Au quotidien, la réintégration dans la société civile des anciens rebelles maoïstes est loin d’être simple. Beaucoup d’entre eux, encouragés par la doctrine communiste à mettre fin aux discriminations sociales, avaient contracté des mariages inter-castes. Dix ans après la fin de la guerre civile, il reste difficile pour ces anciens soldats de reprendre une vie familiale et communautaire normale, d’autant plus que les discriminations inter-castes perdurent.
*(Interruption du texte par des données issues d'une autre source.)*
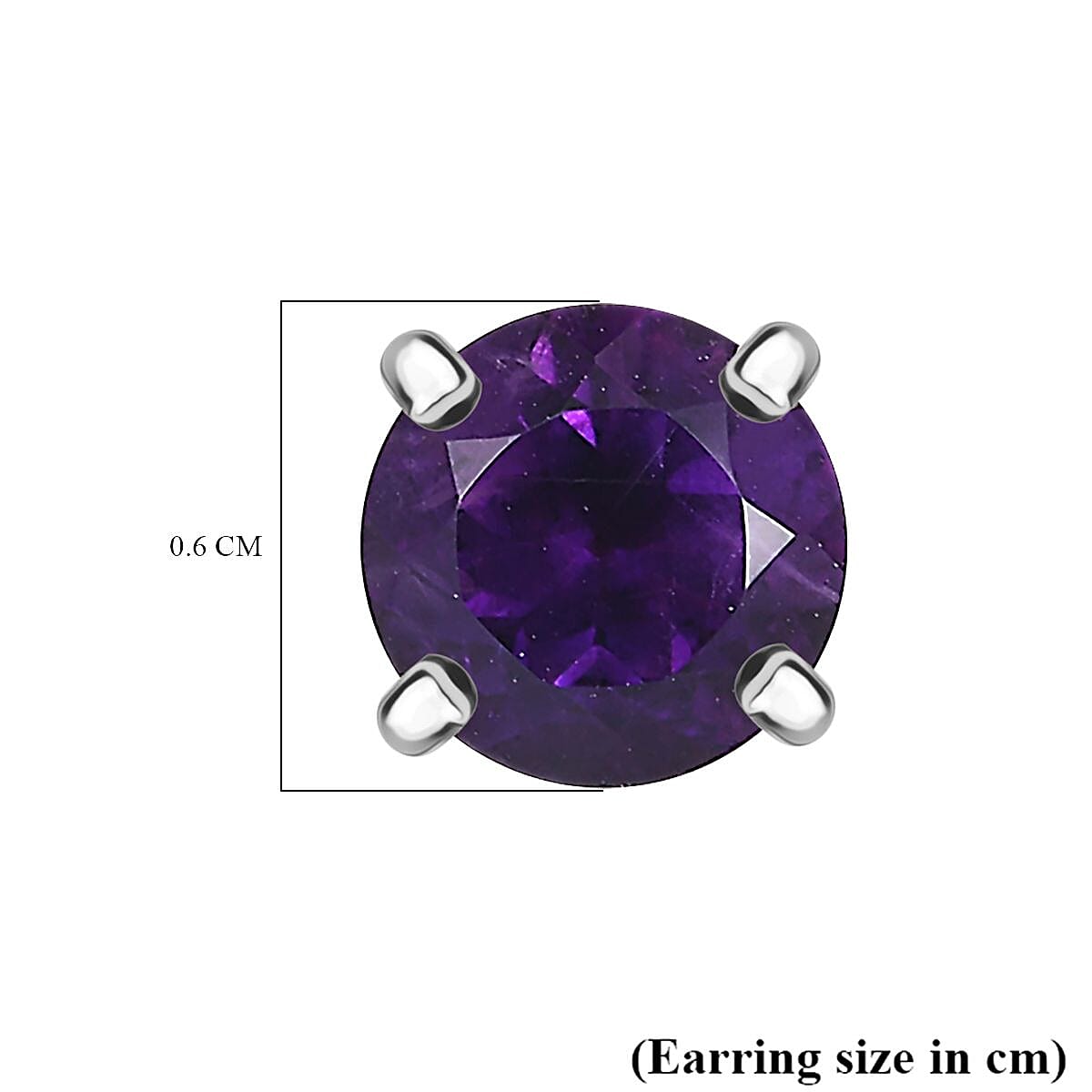 AAA African Amethyst Solitaire Stud Push Post Earring in Rhodium Overlay Sterling Silver 1.64 Ct. V32699234 5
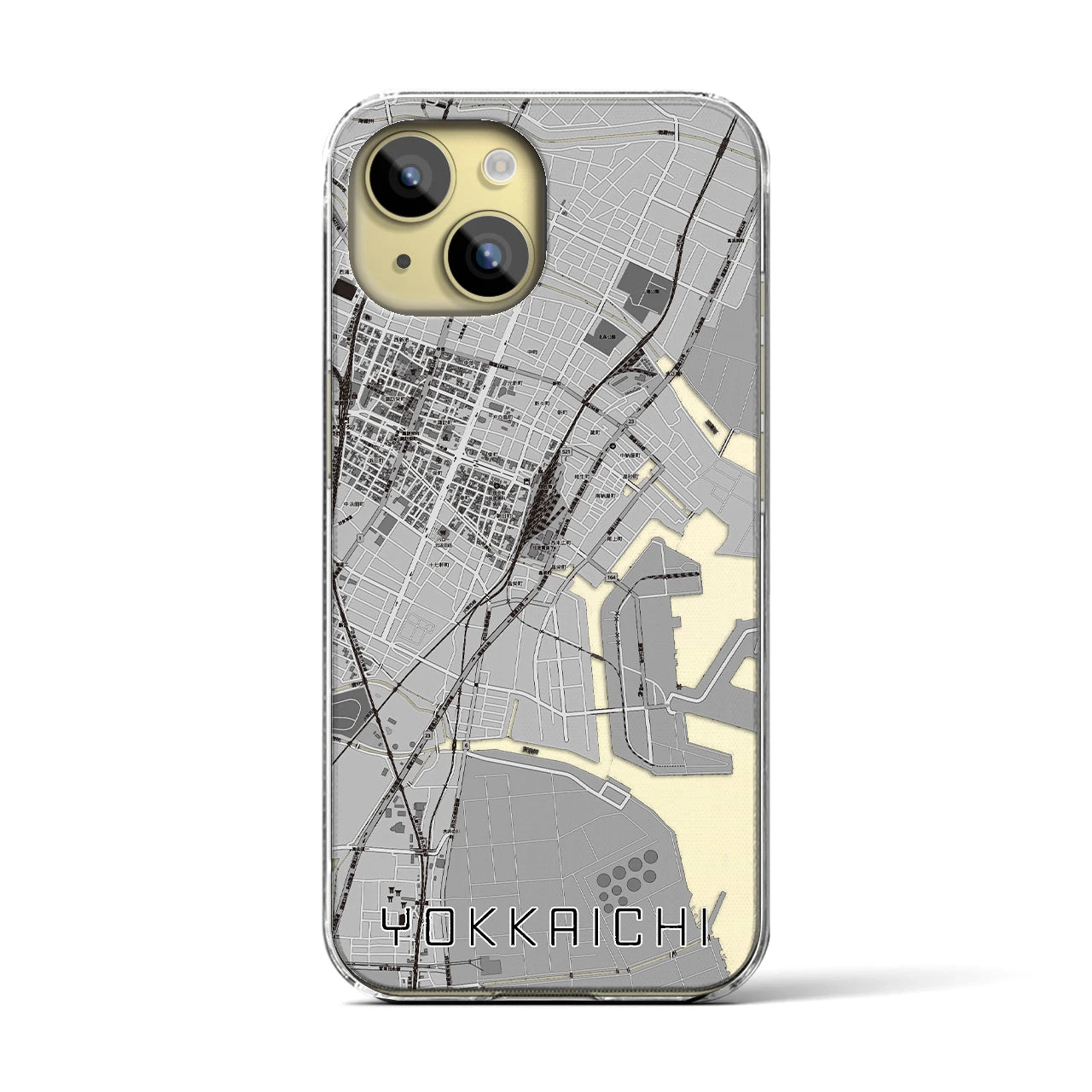 【四日市(三重県)】地図柄iPhoneケース(クリアタイプ)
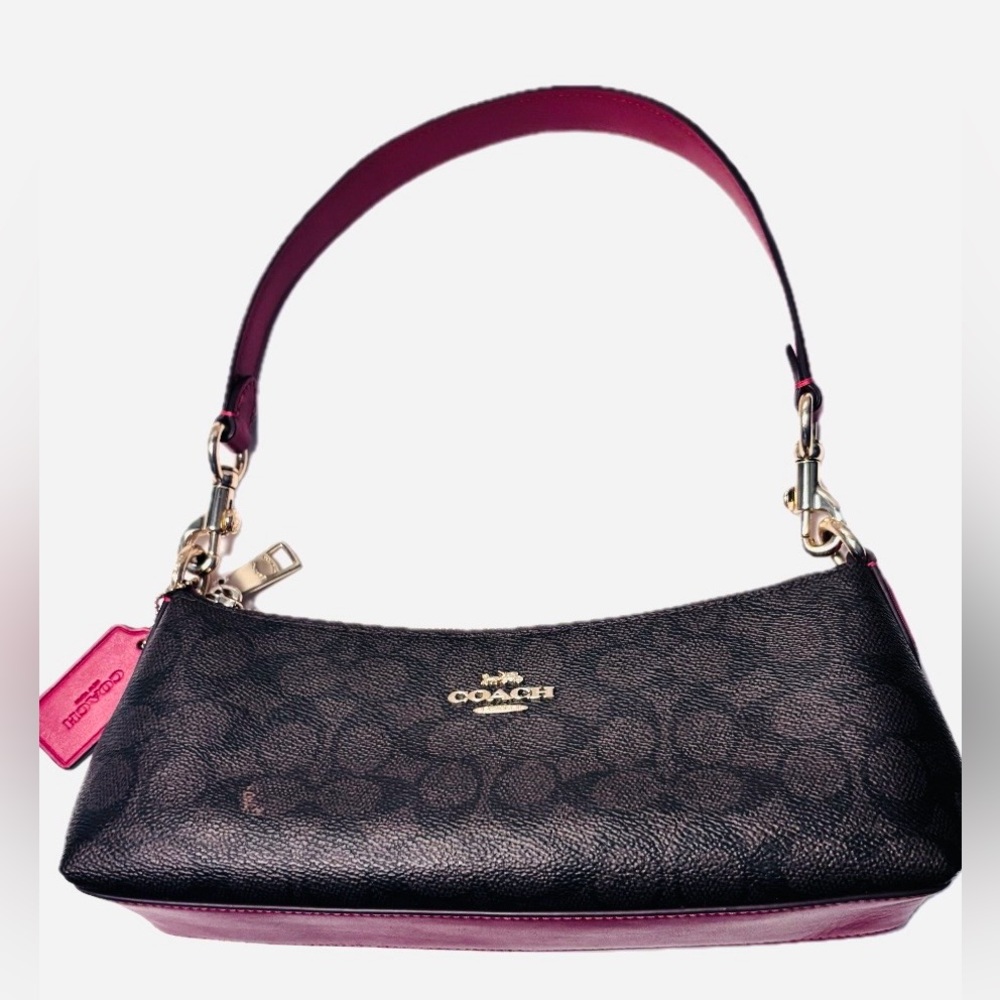 COACH Charlotte Shoulder Bag In Signature Canvas (CX810)Gold/Walnut/Bold-Red - Picture 2 of 14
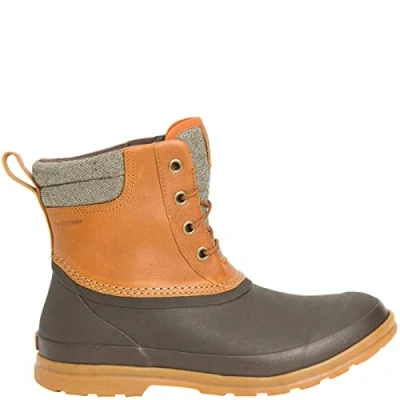Image of Muck Boots Men&#039;s Originals Duck Lace Pull On Leather Waterproof Ankle Boot, Dark Brown, 9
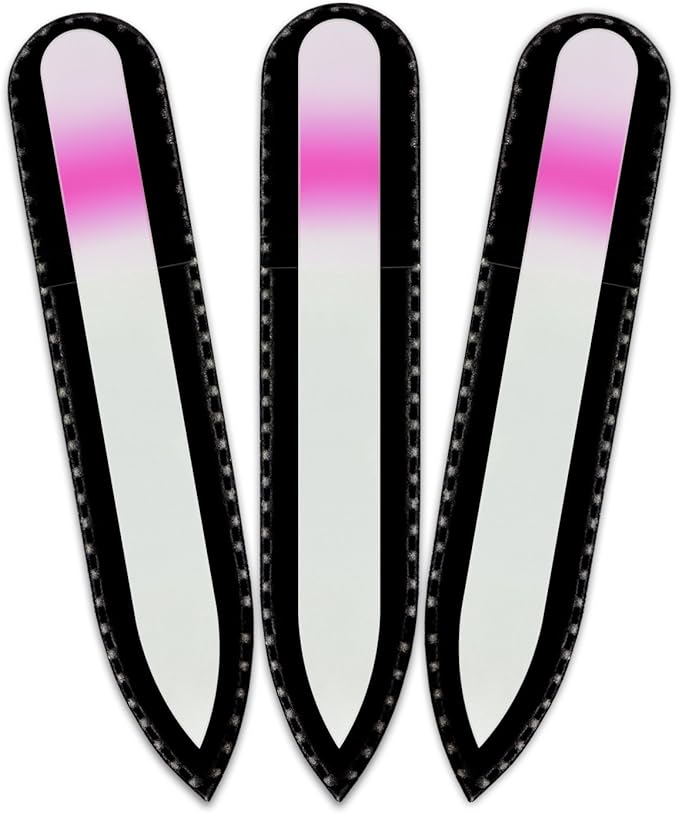 Mont Bleu Rainbow Crystal Nail File in Black Pouch - Small - Purse Size - Czech Tempered Glass - Handmade in Czech Republic - Smooth & Gentle Filing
Dans beaucoup d’endroits encore, les anciens rebelles maoïstes restent perçus comme des personnes dangereuses et sont régulièrement stigmatisés.

Enfin, de nombreux chefs rebelles maoïstes qui n’ont pas réintégré véritablement la société civile restent une menace réelle pour le Népal, car ils sont facilement mobilisables par de nouvelles factions rebelles. « Il y a deux ans, j’ai rencontré un ancien membre de la PLA. Il a survécu à la guerre malgré de nombreux impacts de balles sur le corps. Il m’a confié que n’étant pas satisfait de l’issu du conflit, il venait de rejoindre une faction maoïste pour reprendre les armes et préparer une nouvelle révolution », a confié Prakash Khadka. « La paix n’est pas uniquement l’absence de guerre. Tout processus de paix se doit de prendre en compte toutes les situations économiques et socio-culturelles des Népalais. (…) Personne ne doit se sentir exclu du processus de justice et réconciliation », a rappelé ce militant pour la paix et les droits de l’homme.